Researchers Take a Step Toward Vocal Cord Transplants
People burdened by severely damaged vocal cords have new reason to hope they could someday get their voices back. Tissue engineers have for the first time made structures that not only resemble real vocal cords but also function like them.
Impaired vocal cords make it hard or impossible for people to speak. There is currently no way to fix severe damage, which can result from surgery, traumatic injury, or diseases like cancer. So researchers at the University of Wisconsin are trying to engineer replacements.
The researchers implanted the engineered tissue into a larynx that had been taken from a dog and had one of its vocal cords removed. They demonstrated that the lab-made tissue vibrates and sounds like healthy tissue. (Click on the video below to hear the sound the tissue makes when researchers push air through the larynx.) Further tests in mice showed that the tissue elicited a minimal immune response, raising the researchers’ hopes that such implants could eventually work in people.

Vocal cords are bands of tissue stretched horizontally on either side of the larynx, or voice box, just above the trachea, or windpipe. They open during breathing and vibrate when a person is using his or her voice. Restoring the voice of someone with a badly damaged vocal cord is challenging because the tissue must thrive under unique biomechanical conditions. Its precise structure and makeup is what makes it able to withstand frequent stress, strain, and vibration.
In recent years researchers have tried to re-create that structure in the lab, using polymer scaffolds to culture and grow stem cells in three dimensions—a well-established tissue engineering approach. But while they’ve made tissues that look the part, the engineered tissue has not vibrated effectively, says Nathan Welham, an associate professor of otolaryngology and head and neck surgery at the University of Wisconsin School of Medicine and Public Health.

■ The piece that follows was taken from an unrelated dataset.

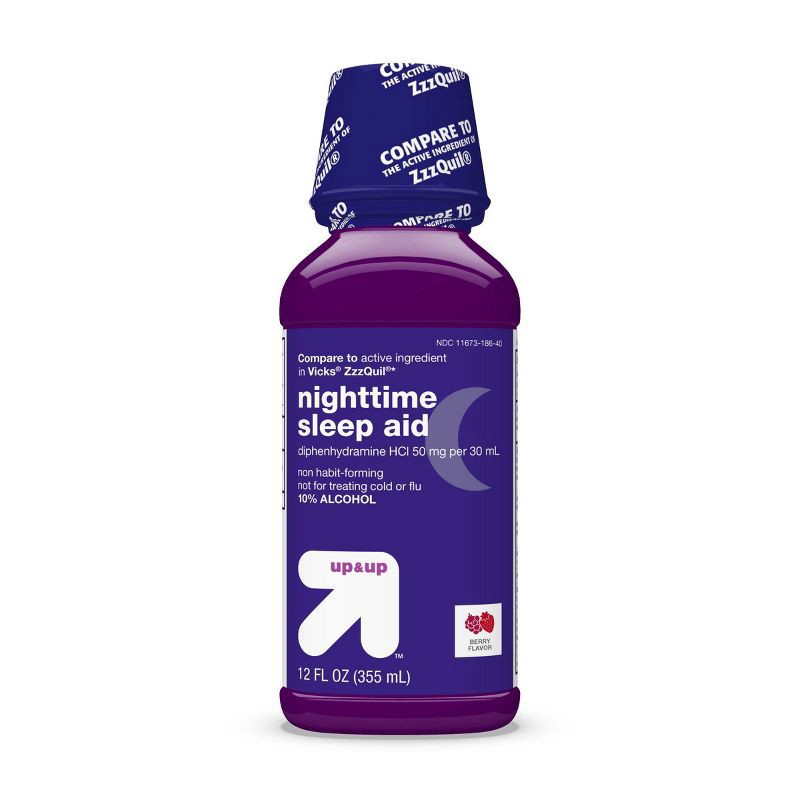 slide 1 of 7, Diphenhydramine HCl Nighttime Sleep Aid Liquid - Berry - 12 fl oz - up & up™, 12 fl oz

Those previous attempts may have been limited because they didn’t use cells from vocal cord tissue. But Welham, who says that real vocal cord cells “may hold some of the keys to unlocking” the problem, and his colleagues got such cells from human cadavers and from donors who had healthy tissue removed during surgery. They used a collagen scaffold to culture and grow the cells, and after a couple of weeks they had what resembled vocal cords. Subsequent protein analysis confirmed that it contained a large portion of the specific kinds of proteins found in the real tissue.
It will take at least several more years of development and testing before this process might be used in vocal cord transplants on people. But if further studies confirm the observation that tissue engineered from the cells of unrelated donors doesn’t cause a harmful immune response, it should be possible to generate a large amount of vocal cord tissue from a small number of sources.
Welham says it’s too early to tell whether an engineered vocal cord might change the sound of a person’s voice, but he adds that it probably wouldn’t. The uniqueness of your voice has more to do with the shapes of your throat, nose, and mouth.